No es común que se dediquen libros para describir la “soledad” entre quienes son referentes culturales, al menos, en el siglo pasado y en lo que avanza el presente. Mucho menos que la “infelicidad” sea motivo para establecer una línea discursiva; ¿qué de interesante tiene?

En sentido estricto entender la soledad en el otro es comprender el mecanismo a través del cual funciona en nosotros; algunas veces para imitarla o evitar a toda costa repetirla, cuestiones de gusto, podría apelarse. No obstante, también en el fondo existe un dejo de inquietud cuando a la fórmula se presenta Andy Warhol o Edward Hopper.

Un par de años antes –para 2016– salió a la venta en el Reino Unido “La ciudad solitaria”, de la escritora y crítica cultural inglesa Olivia Laing. Nada extraordinario en el nombre, de no ser porque justamente ofrece a lectores puntos de vista diferentes sobre quienes se encargaron de guiar con sus obras el camino artístico actual.

Adentrarse en su comportamiento, temores, esperanzas; dejarse apropiar por sus contra-historias ofrece a quienes se acercan un sabor de boca “triste”, es decir, en cada personaje elegido sobresale lo más intenso de su concepción sobre el mundo y tratos con demás, es más, Olivia Laing termina adentrándose en su cosmovisión, no para desenterrar sentimientos encontrados, sino contemplarlos lejos de todo filtro.

Especial atención pone sobre Edward Hopper, pintor estadounidense que se caracterizó por delinear escenas solitarias, donde la ausencia roba la atención de observadores. Una de sus obras más conocidas es “Los noctámbulos”, en la cual tres comensales y un camarero aparecen en primer plano bebiendo café sobre la barra, resaltando el nombre “Phillies”.

Al respecto, el mismo Hopper –cuenta Olivia Laing– buscaba no referirse plenamente a este recurso como “estilo”, al contrario, la evasiva terminaba siendo el discurso al cual se ajustaba “tal vez, sí; tal vez, no”, cuenta la crítica que respondía.

Asimismo, no puede olvidarse que los trazos de Edward Hopper –prosiguiendo en el tema– son exitosas entre quienes, precisamente, viven esta soledad urbana que retrata. Las calles, sitios, miradas que por un momento se cruzan aunque no profundizan porque nada tienen que “decirse”.

Olivia Laing también subraya la pesadumbre de la cual el espacio físico de la ciudad abruma; por un lado las cuatro paredes que encumbran apartamentos o casas, ir y venir entre muebles y consecuencias impactando directamente; de la cama a cocina y viceversa; escalones o la calle, al punto que el paisaje es elemento más.

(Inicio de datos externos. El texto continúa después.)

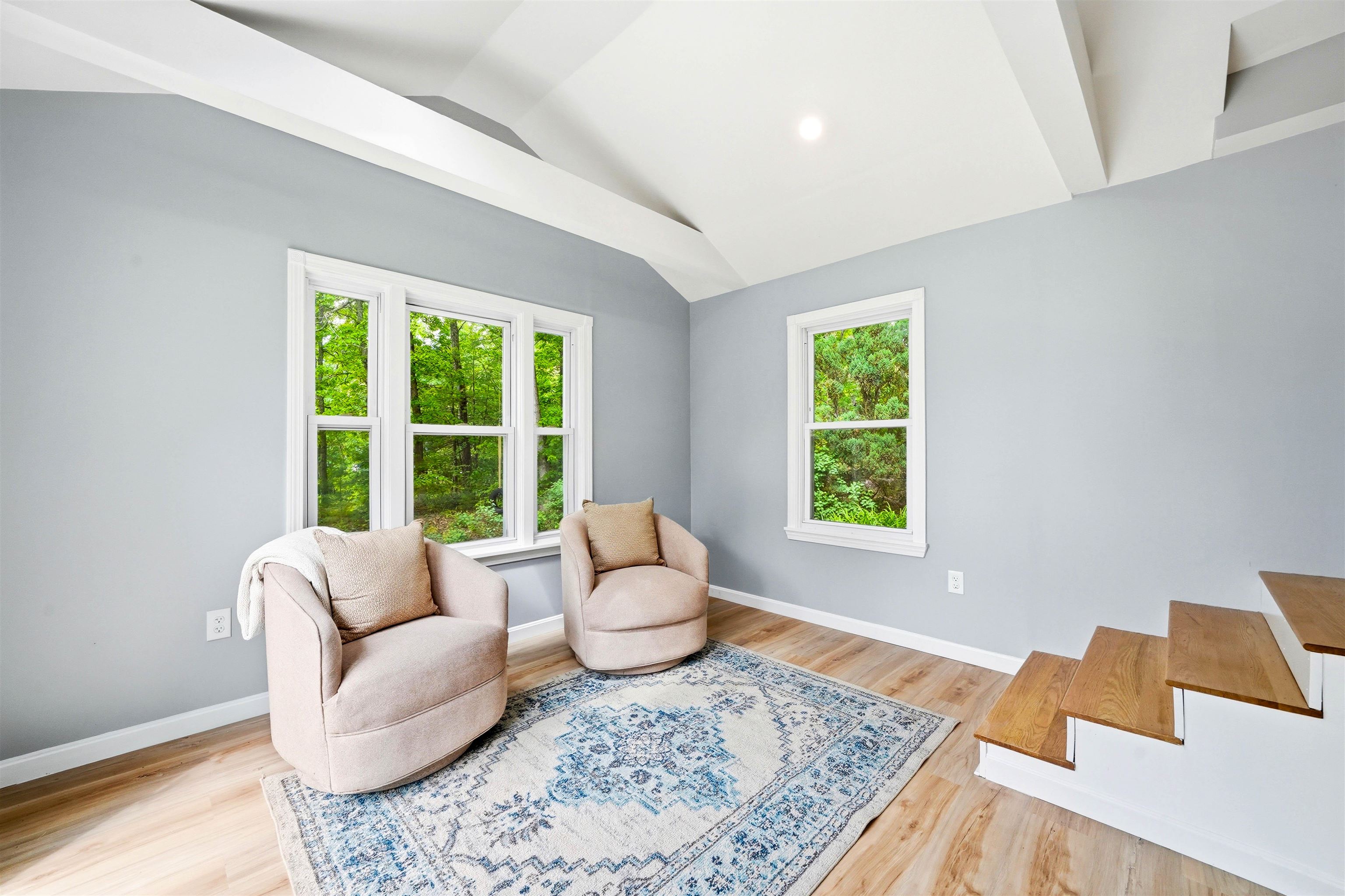 27 Gilcreast Road Londonderry, NH 03053 - Photo 19 of 40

Para la autora, Nueva York es la ciudad donde todo ocurre, las cumbres de concreto familiares, sus avenidas que circundan ante la indiferencia el impacto entre vida y muerte; sueños o esperanzas. Es interesante cómo ahora el lugar implique dramáticamente en la personalidad de quienes la dibujan. Así lo establece apuntando hacia esos artistas.

Olivia Laing asegura que la mesa tibia es un refugio para quien se encuentra solo ya que es, al final, un sitio para refugiarse, sin embargo, exhibe la desconexión latente que prolifera en la ciudad. Ella lo entiende, mientras menos contacto físico se tenga con el otro, menores son las posibilidades para salir del estado de confort.

En contextos más cercanos, la Ciudad de México influye en dicha percepción; miradas, pasos, la premura del tiempo y su consecuente “no salida”. El Centro Histórico, la muerte a flor de piel. Es imposible no identificarse con el ambiente que propone Olivia Laing no sobre quienes experimentan soledad, sino ésta como un homenaje a la ausencia y desesperanza.